The programme is being led by Massey University Professor of Artificial Intelligence Ruili Wang from the School of Natural and Computational Sciences, who will work alongside a wider team of researchers including Professor of Māori and Indigenous Education Huia Jahnke and Dr Darryn Joseph from the School of Māori Knowledge. They will work in partnership with the University of Waikato’s Associate Professor Te Taka Keegan and the University of Auckland’s Professor Michael Witbrock.
The aim is to develop an intelligent conversational Q&A system. The team will address fundamental technical challenges in the areas of natural language processing for conversational Q&A, machine translation and speech recognition/synthesis for te reo Māori.
“Recent advances in data science and deep learning for natural language processing offer exciting new possibilities, however most of this success supports popular languages such as English or Chinese,” Professor Wang says.
“Because indigenous languages like te reo Māori, Fijian and Gaelic (Irish) to name a few, have fewer resources, many of them are in danger of becoming extinct, however there is increasing interest in preserving and revitalising these cultural treasures.”

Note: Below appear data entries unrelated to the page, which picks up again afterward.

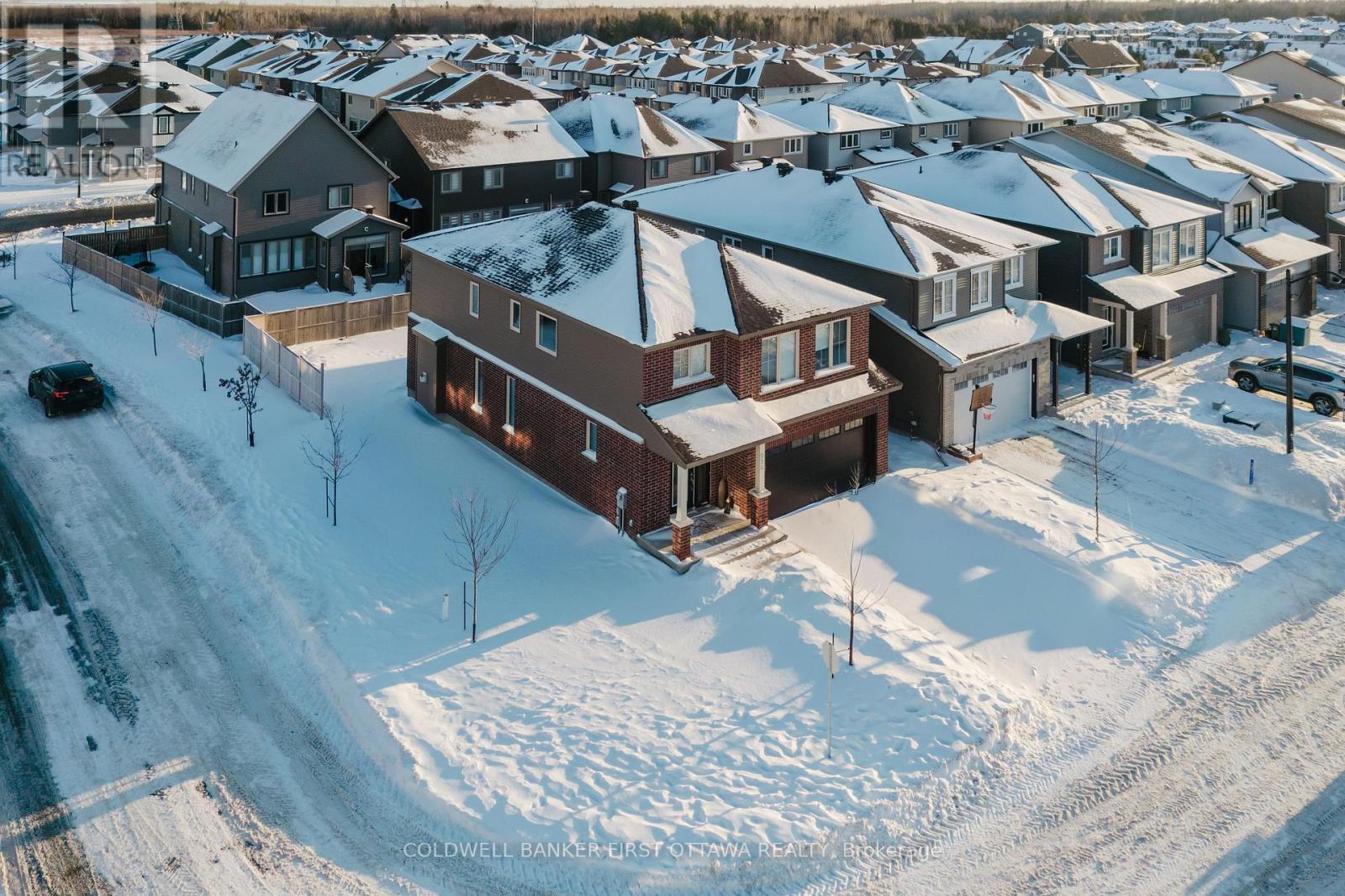 896 Sendero Way, Ottawa, ON - Outdoor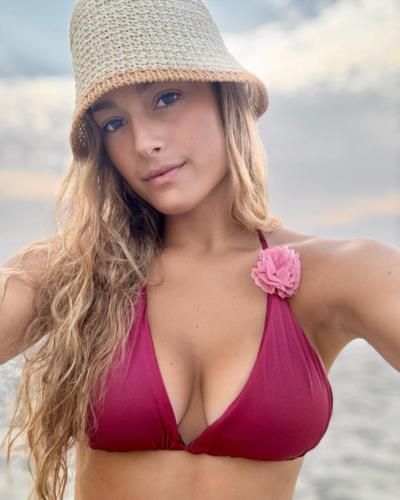 Camila Díaz's Fashionable Beach Look: Purple Bikini And Skin-Colored Hat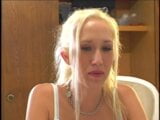 Alana Evans nimmt Schwanz in Fotze und Arsch und wird dann nach Blowjob in Dreier gefickt snapshot 2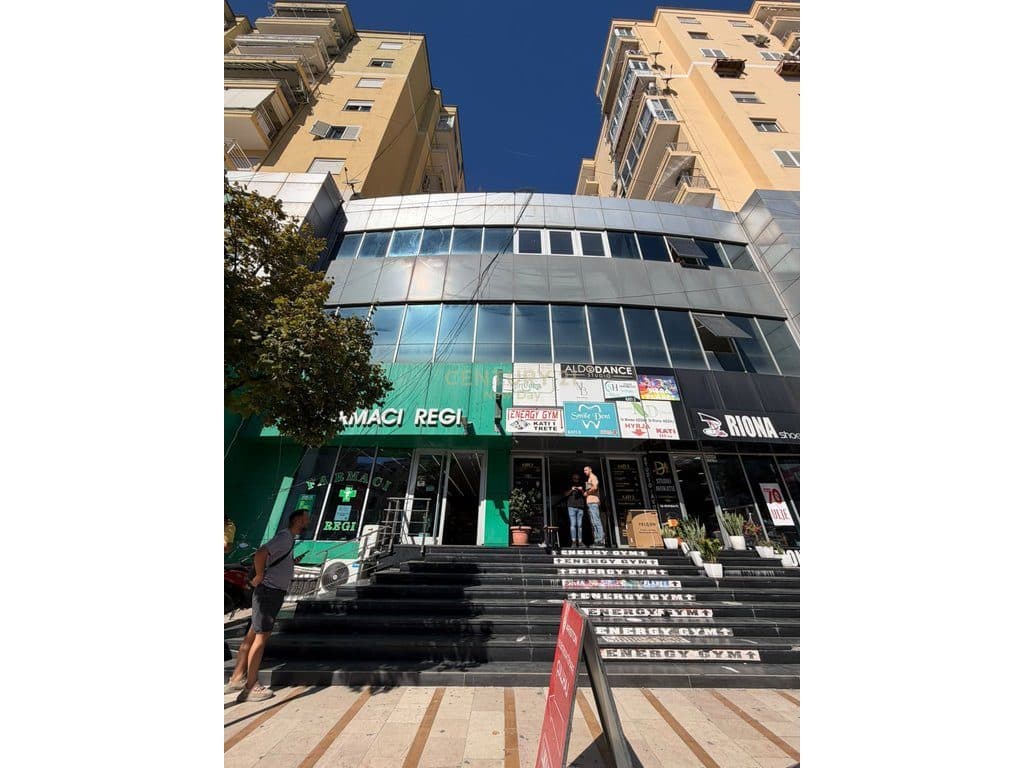 Ambjent Biznesi me Qera - Qender Durres (Pallati i Sportit) - 100m2 - €1100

He says there is currently no system that has Māori speech recognition and the ability to respond in te reo, so this research will help to inform them to develop this system. When this is developed, the system will be able to help Māori communities, government agencies and Aotearoa with efforts to continue revitalising and promoting te reo Māori.
“The system will provide a useful tool to be developed at the interface between mātauranga Māori as embedded in te reo Māori and offers a novel approach to language learning and revitalisation efforts.”
Professor Huia Jahnke says Māori language remains endangered, thus revitalisation efforts, restoration of traditional knowledge and the generation of new knowledge through te reo Māori are high priorities.
“The tool has the potential to be applied to real-world issues for example in the culturally immersive kura kaupapa Māori system of education in Aotearoa where resources remain limited but where the greatest gains in Māori education, social, cultural, economic and linguistic benefits are demonstrated.”
Massey University Provost Professor Giselle Byrnes says this funding is recognition of Massey’s leadership in partnering with international organisations to advance world-class research that makes a real difference.
“This project will significantly boost our research in artificial intelligence at Massey University. It also demonstrates that we are taking a leading role in Māori speech processing and natural language processing in New Zealand.”
“We consider that the outcomes of this programme will be of benefit and help to support the revitalisation of te reo Māori in Aotearoa.”
Massey University’s School of Natural and Computational Sciences and School of Māori Knowledge are both involved in the programme, alongside other contributors including TVNZ’s Te Karere programme which will be helping with the data collection for the project via clips and corresponding transcriptions.
The Singaporean-based research will be led by the Institute for Infocomm Research at the National University of Singapore and has received the SGD $1.2 million from the Singapore National Research Foundation to focus on Malay (the indigenous language in Singapore and Malaysia) and Singlish (the English-based creole spoken colloquially in Singapore).
Professor Wang says working with these three languages in particular will be fascinating.
“Linguistically Malay is of the same language family as Māori (Malayo-Polynesian) and knowledge of Malay is not only important for preserving the nation-state’s heritage but also for it to remain relevant in that region. The New Zealand-Singapore collaboration provides a unique opportunity to study Malay and te reo concurrently as we develop the Q&A system for both indigenous languages.”
The project is due to begin in October 2020 and is expected to conclude in December 2023.